Los traumas derivan en síntomas. Estos hay que vivirlos, dicen los psicólogos. De ahí que hablen de “hacer el síntoma”. Sin esto no hay terapia, y sin esta no hay cura.
A raíz de la Convención descubrimos que no todos los traumas del 11 de septiembre y de lo que fue la transición se habían extinguido o sublimado. De ahí que esta se transformó en la ocasión para hacer el síntoma. Cierto que el espectáculo no fue grato de ver: rabia, violencia verbal, revanchismo, sorna, intolerancia; pero, con todo, fue un ejercicio pacífico y la Convención cumplió con lo que se le exigió: escribir un borrador de nueva Constitución. Su propuesta no hizo sentido a la mayoría de los chilenos y chilenas, y por lo mismo fue rechazada.
¿Fue un fracaso? En su objetivo directo, sí: confeccionar un texto que interpretara y canalizara las trayectorias y expectativas de vida en común de los chilenos. Pero haber conseguido que se viviera el síntoma en forma pacífica fue un logro extraordinario para una sociedad que en 2019 estuvo a un tris de un quiebre dramático. Si se admite esta lectura, entonces habría que ser cuidadosos para no tirar el bebé con el agua de la bañera; esto es, no echar al traste de la basura la experiencia de la Convención por el hecho de que su texto fuera rechazado.
A pesar de sus fallas y excesos, la Convención fue una experiencia terapéutica que no se debe desestimar. Por lo mismo, hay que construir a partir de ella, no contra ella. Sea como sea que siga, el proceso constituyente debe encontrar la forma de plantearse como una continuidad —continuidad, por cierto, no exenta de críticas y modificaciones—, no como ruptura.
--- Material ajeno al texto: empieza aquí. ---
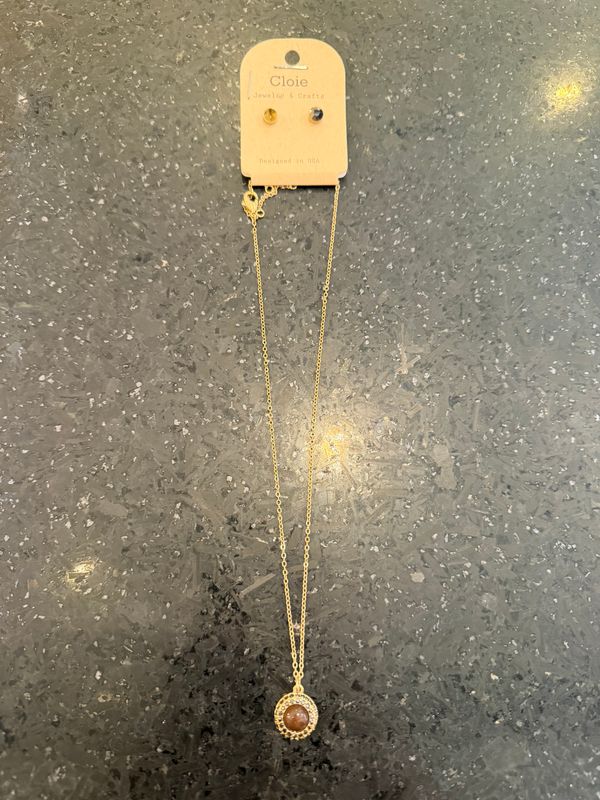 Gold Necklace Brown Stone Circle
Si lo que predomina es el afán de borrar lo vivido se estaría repitiendo el pecado que hundió a la Convención: un ánimo de ruptura que a veces lindaba con lo infantil. Plantear lo que viene como continuidad —con el esfuerzo reciente y, por qué no, con lo que se avanzó en los tiempos de Bachelet— ayudará también a evitar que los sentimientos de exclusión se adueñen de quienes votaron por el Apruebo, tal como les ocurrió a las corrientes minoritarias dentro de la Convención pasada.
Por cierto que después de un terremoto como el del 4S era lógico tomarse un tiempo. Unos quieren celebrar (aunque los motivos para ello puedan diferir); otros necesitan hacer el duelo. Pero hay que seguir adelante, tal como se lo han planteado los partidos y congresistas. Las negociaciones en curso hay que interpretarlas como un intervalo de una larga marcha, que si ha tomado más tiempo de lo previsto, es porque eran más los traumas y las resistencias por superar. La discusión sobre bordes, principios o bases es, de hecho, parte de un acuerdo constitucional en gestación, el cual ha vuelto a tener a los partidos políticos y a congresistas como actores protagónicos. En buena hora.
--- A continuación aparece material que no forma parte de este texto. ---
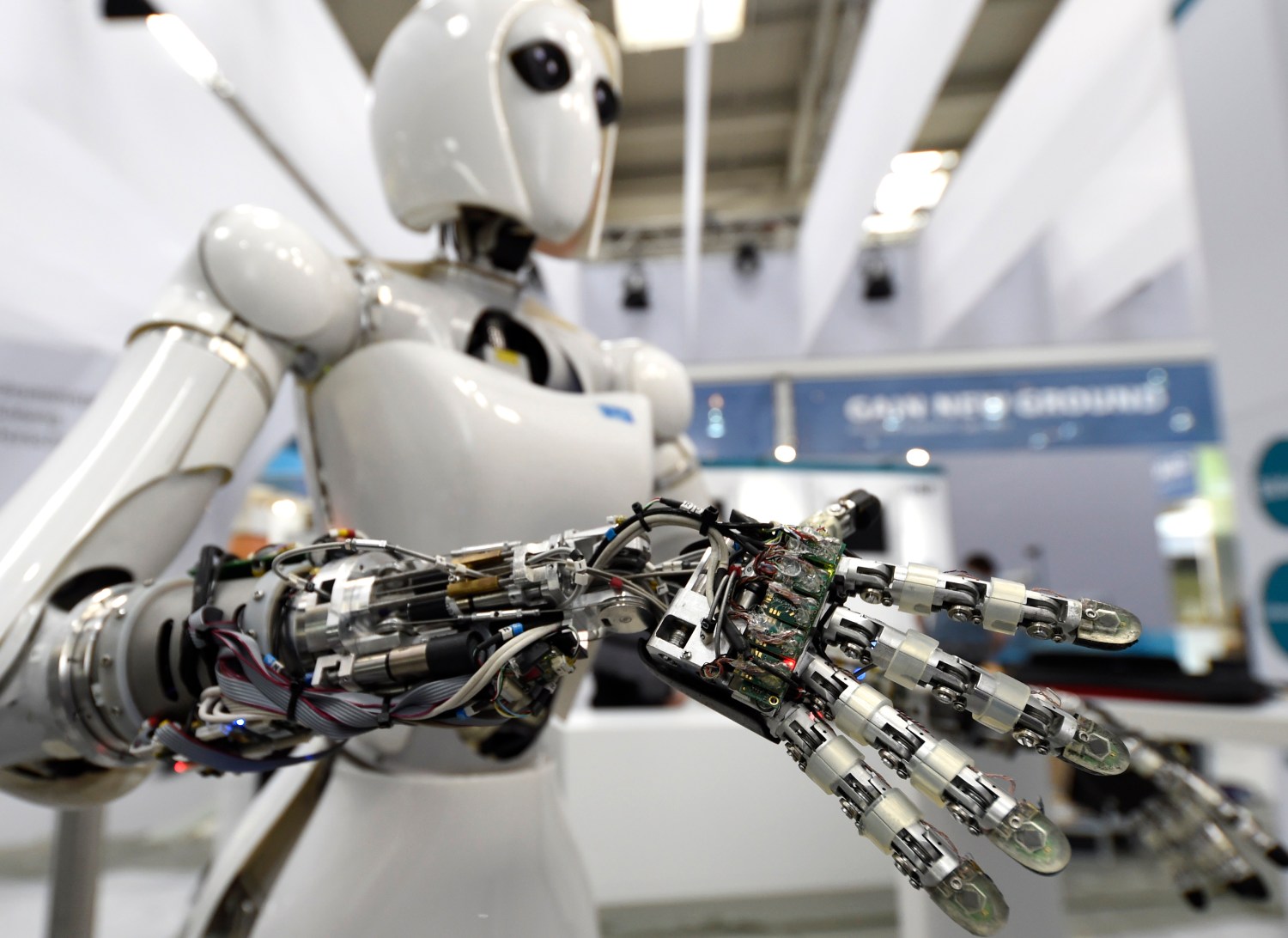 Brookings survey finds 52 percent believe robots will perform most human  activities in 30 years | Brookings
No se debe olvidar la esclerosis que padece nuestro marco institucional. Por 16 años oscilamos entre dos figuras salvadoras que tienen tanto en común como el aceite y el vinagre: Michelle Bachelet y Sebastián Piñera. Agotado el ejercicio, se eligió a Gabriel Boric. Este ha vivido la misma experiencia que sus predecesores: un acelerado deterioro de la confianza de la población. Si aborta el proceso constitucional y la parálisis se mantiene, seguro que retomaremos la misma alternancia, pero ahora entre péndulos cada vez más excluyentes. Esto lo sabe la derecha más extrema. Por eso se ha retirado de las negociaciones.
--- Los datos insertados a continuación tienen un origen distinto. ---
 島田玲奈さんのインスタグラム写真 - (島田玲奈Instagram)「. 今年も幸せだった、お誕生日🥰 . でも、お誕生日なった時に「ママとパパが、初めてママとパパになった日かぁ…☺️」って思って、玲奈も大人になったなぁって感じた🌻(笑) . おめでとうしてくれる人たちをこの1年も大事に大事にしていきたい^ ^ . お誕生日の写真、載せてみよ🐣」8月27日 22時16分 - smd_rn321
La única manera de salir de esa dinámica destructiva, que terminará llevando a la democracia chilena al despeñadero, es evitando que aborte la dura y larga terapia a la que decidimos someternos con el proceso constitucional. Hay que tener cuidado, sin embargo, con no dilatarla en extremo, porque llevará a que la gente se aburra y se margine. Es responsabilidad del gran arco democrático que la marcha no se detenga.